Marketing? Yes, marketing. All the job search activities matter. Your letter explains why your resume is on that computer or on the desk and why they should interview you! That is your “sales brochure.”
Resumes are the beginning. There are established formats and the one you choose should be based on whether you are looking for positions continuing in their career field or changing careers. There are 3 basic resume formats
- Chronological or Reverse Chronological and is description of your career. Work backwards, most recent to most past and use action verbs. Bullet points lead the eye and are great to use as well prejudicial use of bolding and underlining. Less is more. Maybe BOLD for where you work and underlining for your job titles, might be helpful.
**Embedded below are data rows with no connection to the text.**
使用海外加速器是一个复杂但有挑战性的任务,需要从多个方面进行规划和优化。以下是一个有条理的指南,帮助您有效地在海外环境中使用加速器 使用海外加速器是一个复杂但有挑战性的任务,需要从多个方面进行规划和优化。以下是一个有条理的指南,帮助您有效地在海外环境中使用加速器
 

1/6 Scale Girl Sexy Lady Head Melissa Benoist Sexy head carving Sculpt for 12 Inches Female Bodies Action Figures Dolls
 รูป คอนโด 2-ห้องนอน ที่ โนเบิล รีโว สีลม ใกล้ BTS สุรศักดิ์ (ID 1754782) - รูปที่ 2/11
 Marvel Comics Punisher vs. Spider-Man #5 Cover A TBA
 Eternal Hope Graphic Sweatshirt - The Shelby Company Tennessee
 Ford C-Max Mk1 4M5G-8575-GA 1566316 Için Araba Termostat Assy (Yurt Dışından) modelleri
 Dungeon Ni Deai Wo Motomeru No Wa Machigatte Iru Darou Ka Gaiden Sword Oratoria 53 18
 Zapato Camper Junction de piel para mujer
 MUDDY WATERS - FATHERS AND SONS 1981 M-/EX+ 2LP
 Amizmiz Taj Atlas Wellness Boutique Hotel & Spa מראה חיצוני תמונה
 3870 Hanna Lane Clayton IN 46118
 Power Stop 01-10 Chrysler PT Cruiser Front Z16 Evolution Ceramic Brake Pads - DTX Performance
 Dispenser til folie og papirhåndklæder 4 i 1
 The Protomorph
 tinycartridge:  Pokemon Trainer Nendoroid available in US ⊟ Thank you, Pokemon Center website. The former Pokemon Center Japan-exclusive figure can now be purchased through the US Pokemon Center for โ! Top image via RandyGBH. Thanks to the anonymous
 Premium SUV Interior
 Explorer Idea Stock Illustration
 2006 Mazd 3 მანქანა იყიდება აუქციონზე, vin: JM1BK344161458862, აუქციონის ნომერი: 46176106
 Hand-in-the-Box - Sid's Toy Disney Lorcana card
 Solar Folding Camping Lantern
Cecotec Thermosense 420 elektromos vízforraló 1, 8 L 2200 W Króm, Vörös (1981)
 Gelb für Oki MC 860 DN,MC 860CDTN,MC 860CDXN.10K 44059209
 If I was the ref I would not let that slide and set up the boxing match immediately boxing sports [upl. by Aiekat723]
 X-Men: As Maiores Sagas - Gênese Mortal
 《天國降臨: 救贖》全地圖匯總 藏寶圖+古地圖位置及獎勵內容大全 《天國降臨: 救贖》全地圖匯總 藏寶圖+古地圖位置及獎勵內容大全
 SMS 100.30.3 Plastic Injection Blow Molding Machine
- Skills-Based or Functional is also a description of your career. The difference is the focus. Generally, if you are looking to change careers, this format is for you…except what if you worked for well-known Fortune 500 companies?
- Combination of both chronological and functional…
Regardless of the format,your name goes at the top with your mailing address, or, at least a geographical area, and, if willing to relocate, I’d say so. Don’t forget to include your phone number and email address. This is your professional email, not catsaregreat@…Try your initials, always a safe bet.
And, any time you can include/attach a cover letter, do. It’s a great marketing tool. It shows how you communicate and is your opportunity to emphasize what you can contribute to the company.
After the interview, which of course you’ll get, once you’ve submitted your terrific resume, you need to write a thank you for every interview that you go on! This means for first, second interview third…you keep sending Thank you letters each time you meet.
Job search correspondence matters and could make difference from winning the position and needing to check the want ads!